En el primer tiempo se vio lo mejor del duelo en cuanto a ritmo. España tuvo chances, obligó a Diogo Costa a trabajar y dejó claro que, aun sin desbordar de fútbol, era el equipo que mejor entendía cómo quería jugar. Portugal respondió con empuje, con algún intento de Cristiano y con Nuno Mendes como una de sus cartas más peligrosas, al punto de estar cerca de abrir el marcador.
Pero el clásico ibérico se fue cerrando. La segunda parte tuvo más nervio que juego. Portugal se replegó, España siguió buscando, y cada ataque empezó a tener ese ruido de partido grande: una pelota perdida podía costar un Mundial.
Cuando la prórroga ya aparecía en el horizonte, llegó el golpe español.
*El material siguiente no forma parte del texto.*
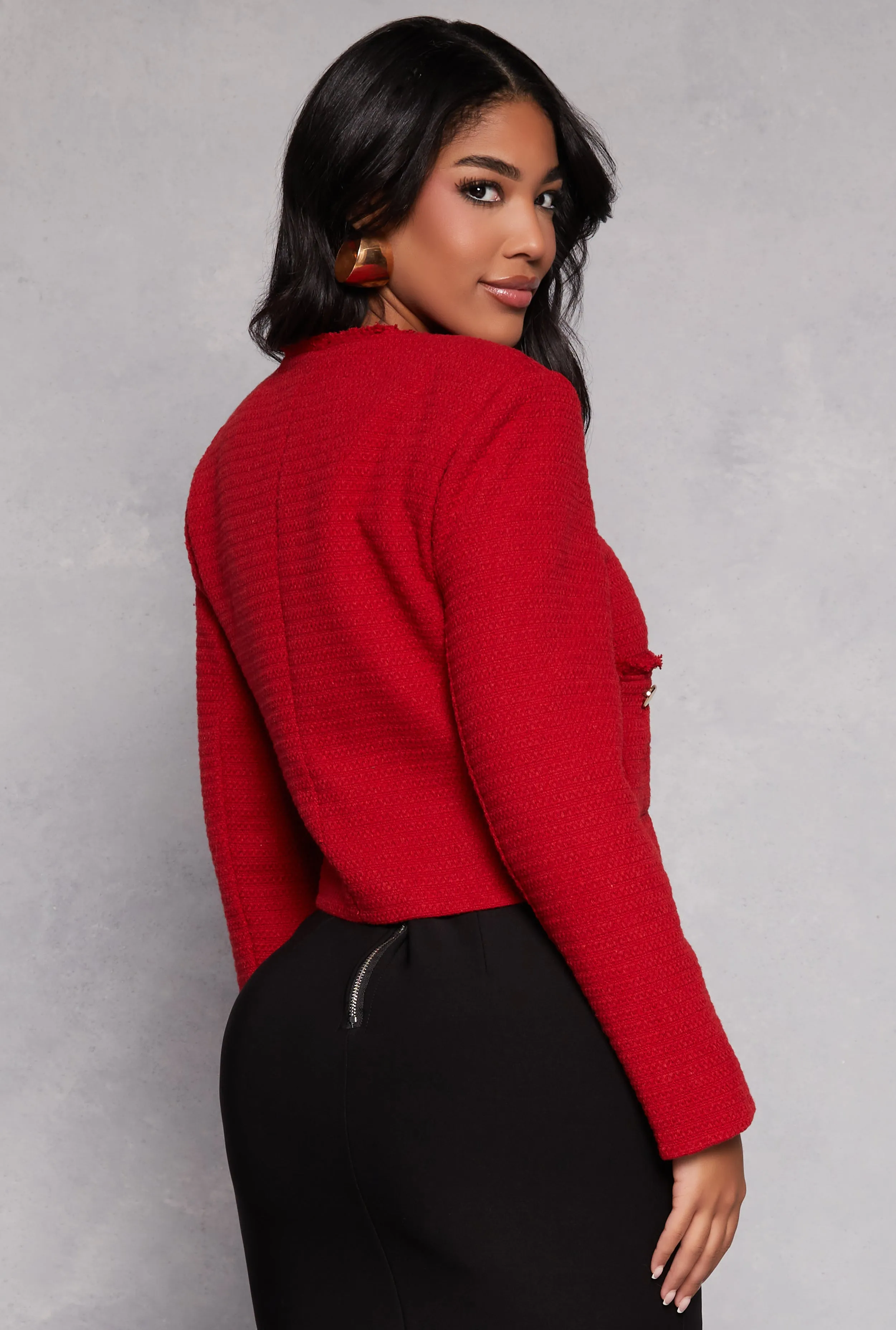 Iris Tweed Button Front Blazer sold by Rainbow product image thumbnail 3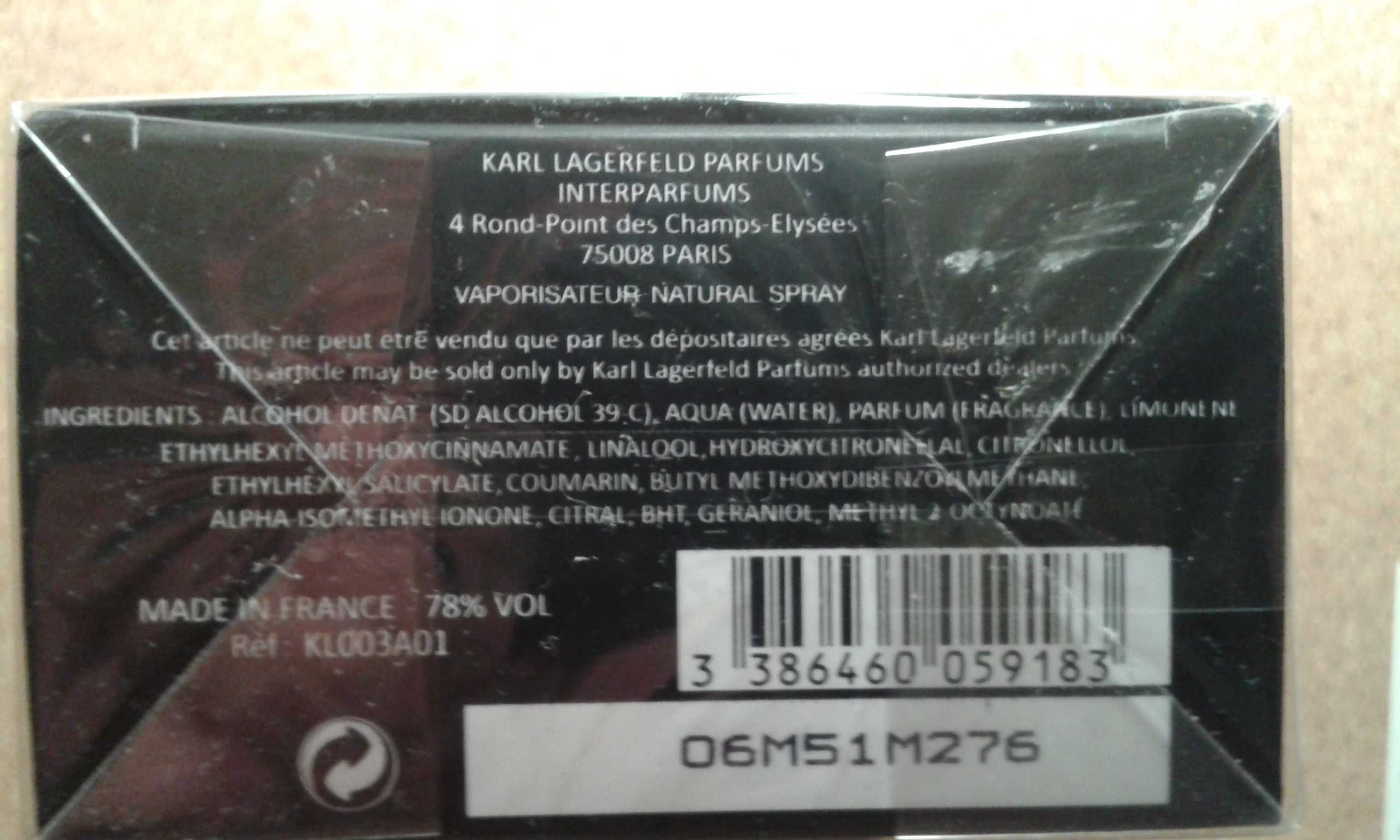 Perfumy Męskie Karl Lagerfeld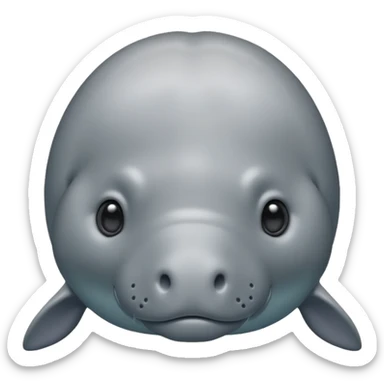 Manatee sticker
Ferran Torres filtró la pelota y Mikel Merino definió para el 1 a 0 que cambió todo. Un gol de esos que no dejan tiempo para demasiadas explicaciones. Portugal intentó reaccionar, empujó con lo que le quedaba y España se abrazó a la ventaja con oficio.
El final dejó dos imágenes fuertes. España celebrando el regreso a cuartos de final de un Mundial después de mucho tiempo, y Portugal despidiéndose con la duda inevitable alrededor de Cristiano Ronaldo, que pudo haber jugado su último partido mundialista. No fue una despedida de película, ni una noche de gloria. Fue un partido duro, mezquino por momentos, definido por un detalle.
España no brilló, pero compitió. Y en estas instancias, muchas veces eso vale más que cualquier discurso. Supo esperar, no se rompió, no se apuró y encontró el golpe justo cuando el partido pedía carácter.
Portugal se quedó afuera porque no pudo transformar sus momentos en daño real. España sigue porque tuvo paciencia, calidad y una aparición decisiva cuando el reloj ya empezaba a anunciar otra media hora de sufrimiento.
En los Mundiales, ganar así también cuenta. Y a veces cuenta más.